Re-commerce site ThredUp, is growing from selling secondhand fashion online to opening brick and mortar stores.
The company is looking to take advantage of the boom in off priced retail stores like T.J. Maxx and Nordstrom Rack that are performing much better than traditional retailers. ThredUp will enter the market with a lead over these competitors because its prices are even lower.
According to ThredUp’s 2017 annual report, “resale disrupters” as it refers to itself are growing 4 times faster than the broader resale market because of their quality and quantity of in both items and the curation process.

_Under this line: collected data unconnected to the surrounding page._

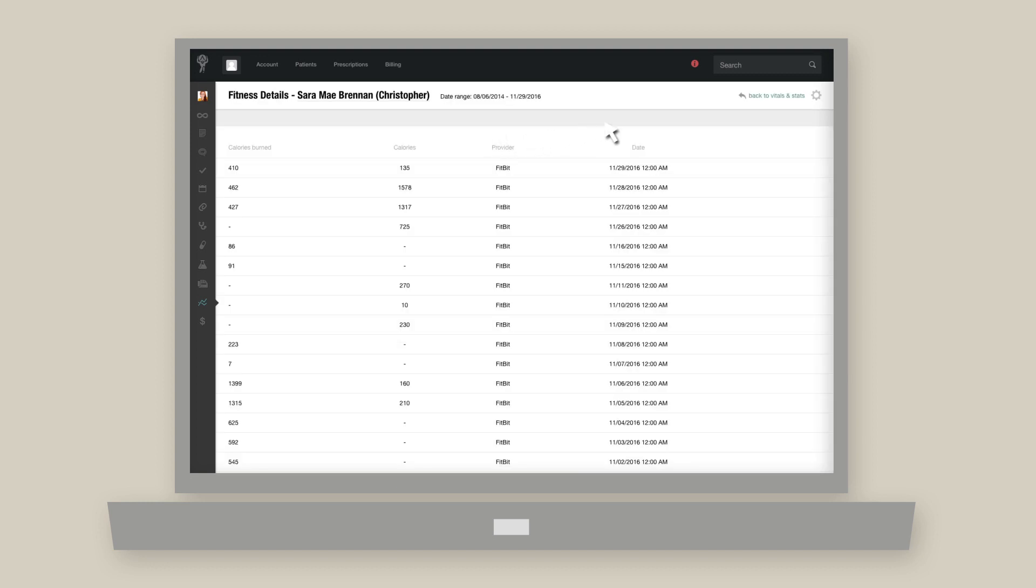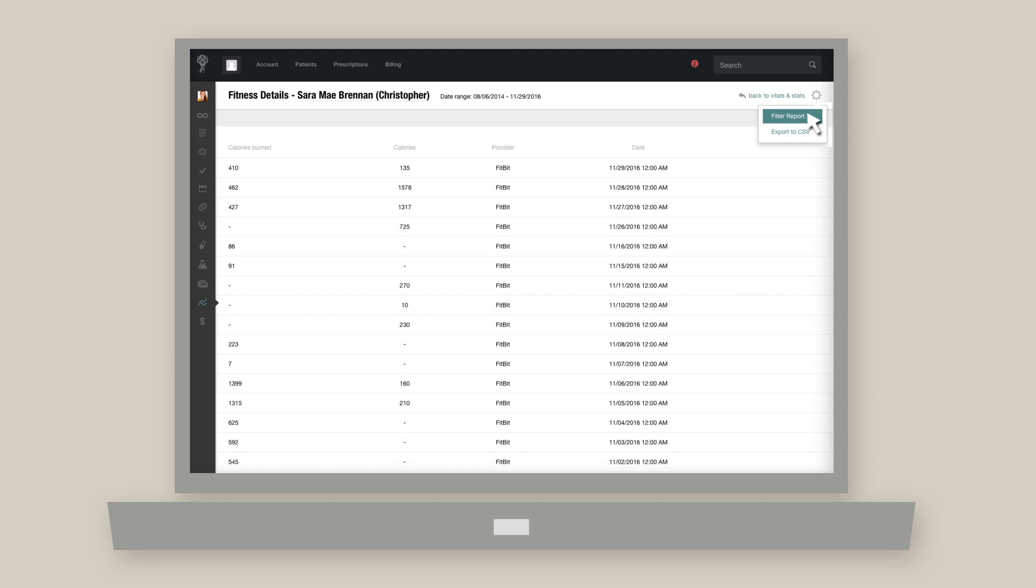Once you're in the detailed view, click the cog icon in the upper right corner and choose filter report. That's where you can set the start and end dates as well as specify available details to include or exclude from your report.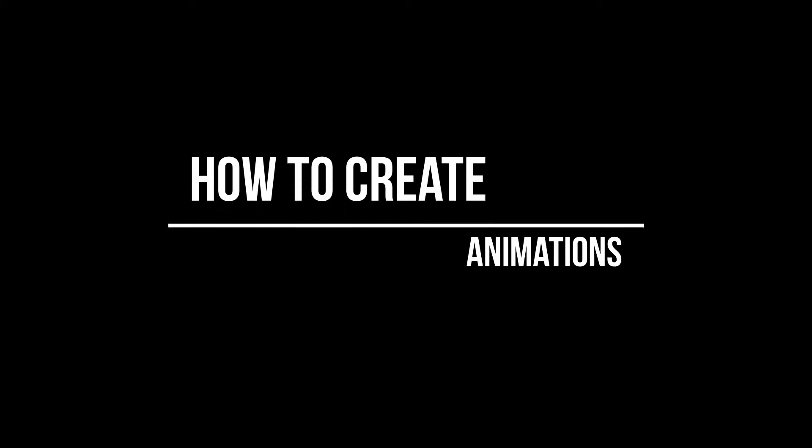Thank you for tuning in to How to Create Animations. This is The Basics, presented by Shebro Direction Ltd.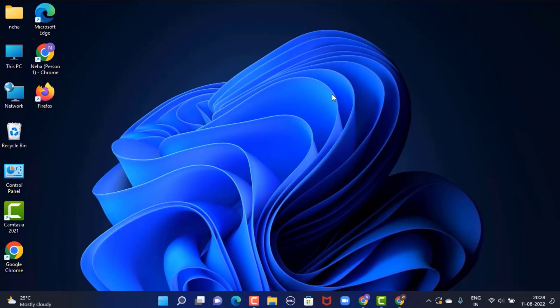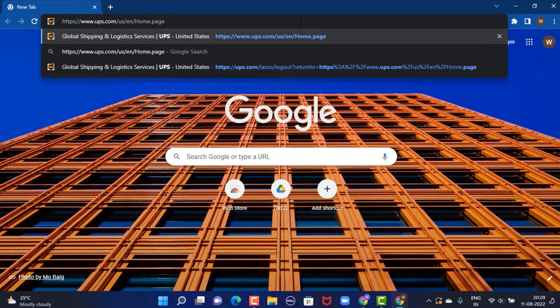Before we get started, make sure to check your internet connection and watch the video till the end. Now without any further delay, let's get started. First of all, open up your web browser and go to www.ups.com.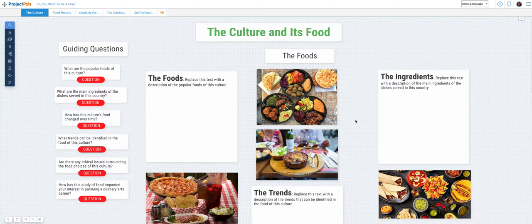Hi, my name is Miriam Bogler, founder and CEO of Project Pulse. In this video I'm going to describe how to work on the culture tab in the So You Want to Be a Chef project.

Oliver Lubin founded the San Francisco-based company with James Reinhart and Chris Homer in 2009. The company was launched as a pilot for peer-to-peer online sharing of men’s shirts, but is now an online marketplace to buy and sell women’s and kids’ secondhand clothes.

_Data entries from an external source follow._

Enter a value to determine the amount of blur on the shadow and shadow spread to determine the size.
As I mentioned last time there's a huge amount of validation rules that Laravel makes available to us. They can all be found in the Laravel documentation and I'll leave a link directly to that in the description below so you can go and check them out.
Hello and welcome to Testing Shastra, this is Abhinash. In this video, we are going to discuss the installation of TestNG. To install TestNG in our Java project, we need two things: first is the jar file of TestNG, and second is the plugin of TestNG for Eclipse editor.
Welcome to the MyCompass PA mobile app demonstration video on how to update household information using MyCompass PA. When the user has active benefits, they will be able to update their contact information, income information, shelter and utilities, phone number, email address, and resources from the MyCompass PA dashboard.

Users can select clothes to sell using the company’s “Dot method” of defect free, on trend and top brands and ship them to ThredUp. Once they have evaluated the items, payment will be made upfront for items expected to sell quickly, or on consignment if they may take longer to sell. More than 1,000 are added hourly on the site according the company.
Top brands include J. Crew, DVF, Theory, Madewell and Lululemon. The site sells a variety of clothing and accessories in sizes ranging from maternity, juniors and plus.
“We have millions of units of inventory, but we’re able to create an assortment based on what’s being searched and bought online. It applies regionally, too,” Heather Craig, ThredUp’s head of retail experience, said in a Racked report. “In central Texas, for example, we’re able to see that dresses sell really well in the market, and specific types of dresses, too, so we’d just be pulling all that into the store.”
The first store recently opened in San Marcos, Texas, and the company plans to open four more locations before the end of 2017.